In my last post, I talked about using the new MERGE statement in SQL Server 2008. It allows you to merge the data in a result set with a table, based on a join condition that you specify. This is a common scenario in data warehousing, where you often need to take a working table and compare it to a target table to determine if a row should inserted, updated, or deleted. This is often the case for dimension table. Currently, there is no SSIS component in the June 2007 CTP that leverages the MERGE statement directly. This post will explore one possible pattern for using MERGE from SSIS.
In SSIS 2005, a commonly used pattern for updating dimension tables was to retrieve all of the rows intended for the dimension table in a data flow via a source component. Then the rows would be run through a lookup component to determine if they existed in the target table. Rows to be updated (those found in the lookup) would be run through an OLE DB Command component. Rows to be inserted would be sent to an OLE DB Destination.
In cases where performance is a concern, the OLE DB Command could be replaced with another OLE DB Destination that writes all rows to be updated to a temporary table. In the control flow, an Execute SQL task would issue an UPDATE statement, using the temporary table as a source.
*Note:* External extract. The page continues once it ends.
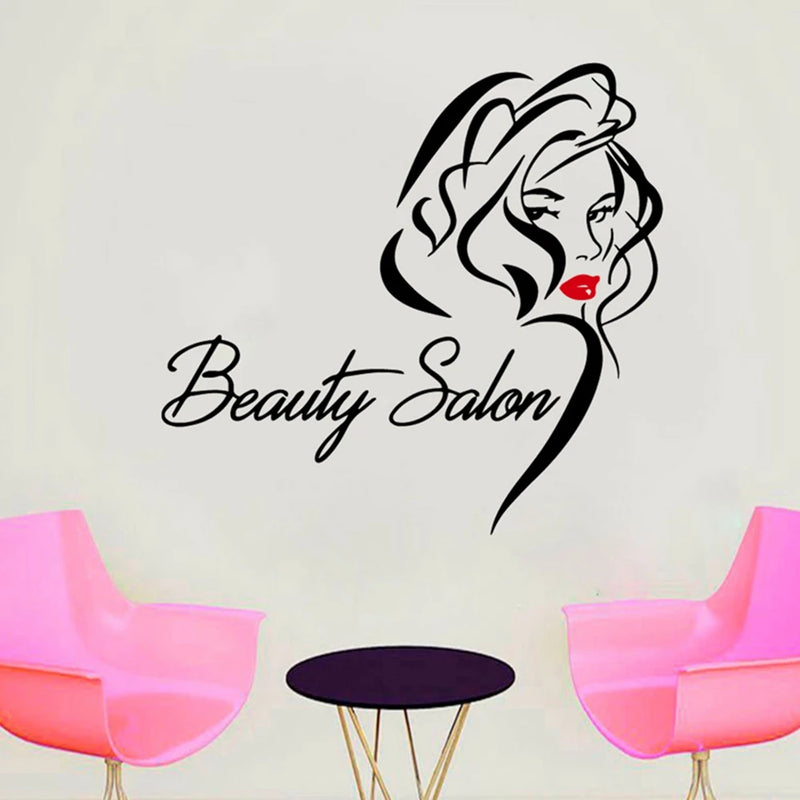 1 pc amazing salon dressed waterproof Wall Sticker Pvc Stickers Art Paper For home Bedroom Background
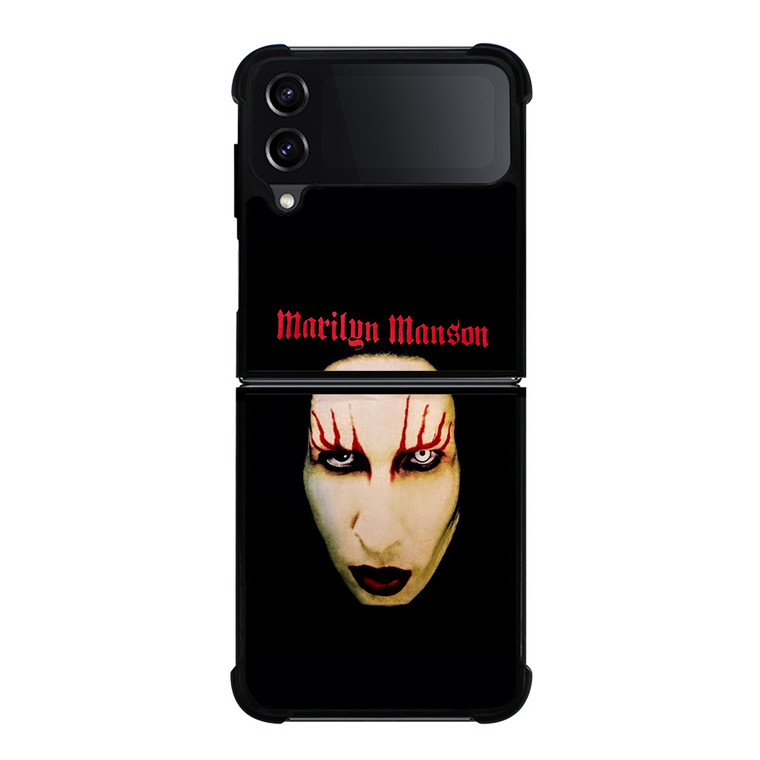 MARILYN MANSON SCARY FACE Samsung Galaxy Z Flip 4 Case Cover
To implement this using a MERGE statement, we can modify the second pattern. All rows that are read from the source should be written to a temporary table. Then, the Execute SQL task will be used to run a MERGE statement that uses the temporary table as the source for the merge. The matching of the rows will be done through the join condition in the MERGE statement.
Why would using the MERGE statement be better than using the lookup pattern described above? For one thing, the data flow is simpler, with no branches in execution. Also, the data flow only has to write to a single table, instead of two tables. I haven’t done any performance testing on the MERGE statement yet, so I can’t say for certain whether it is faster.
I’m still hoping for a destination component that can be used directly in the data flow to perform the MERGE, but the SSIS team has indicated that it probably won’t happen.